“Swag” is what we would call our present day “Sprezzatura” or Renaissance Court Culture. The Court, in general, was the political head and symbol of power in the British Renaissance. Because of this power, members of the court had to be experts in everything, they ultimately had to have “swag” wherever they went. In our class discussion, we talked about what it means to have the courtly “swag.” In the Courtier, we learn that members of the court must be well learned, well read, must speak a foreign language and be athletic. In other words, “courtiers were expected to be richly dressed and to be generous patrons […] talented all-rounder, skillful in courtly conversations, spoits, dancing and the arts - with an air of easy grace of recklessness.”

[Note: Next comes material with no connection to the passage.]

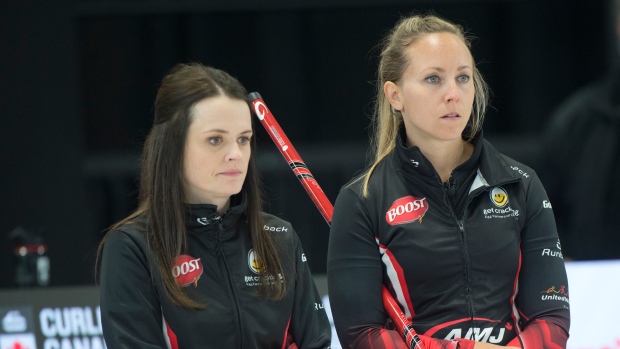 Rachel Homan and Tracy Fleury, Curling Canada Rachel Homan and Tracy Fleury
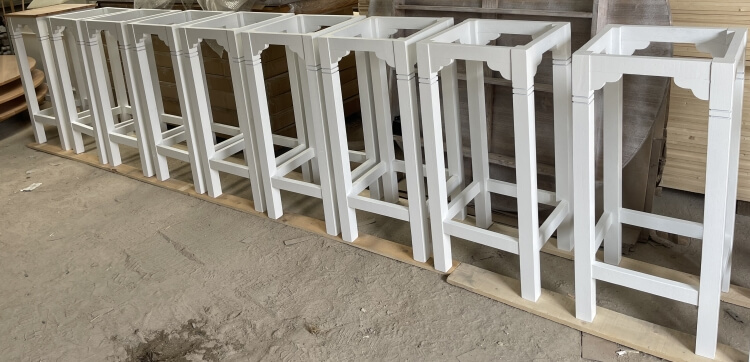 wooden bar table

Besides the actual qualities of a courtier, the court itself referred to the entourage of the Queen and the actual presence of the Queen during the Renaissance period. It “[court] was wherever the Queen happened to be and was made up of all those who surrounded the Queen from servants to the courtiers themselves.” This suggests that not only was the court a physical way you had to act and be trained, but it was also wherever the court physically appeared. This also suggests that the court demanded a sort of behavior around them and it was expected of them to behave in a certain way.
Court Culture in The Tempest and the Complex Nature of Miranda
In The Tempest, Prospero is introduced as an ex-Duke of Milan. He says, “Twelve year since, Miranda, twelve year since, / Thy father was the Duke of Milan and / A prince of power” (Act 1?). This immediately establishes a sense of court culture even though Prospero and his daughter, Miranda are not physically in a court-like atmosphere. His mere authority in being an ex-Duke supports the idea that the court was more about where the nobles and royals were rather than the physical structure of a place reflecting a place of high courtier and courtship. Another aspect I would like to bring into this discussion of court culture in The Tempest is the complexity of Miranda as a woman of the court. At this time, there was a lot of skepticism about Queen Elizabeth and her ability and capabilities as a woman in a male-dominated society to rule. This was reflected in many of Shakespeare’s plays, including The Tempest through Miranda. Although Prospero threatens to have fatherly and courtly rule over her, Miranda ultimately leaves her father and goes on to love who she wants rather than who her father would like her to marry. This suggests that she rebels against Court culture and the idea that men held all power.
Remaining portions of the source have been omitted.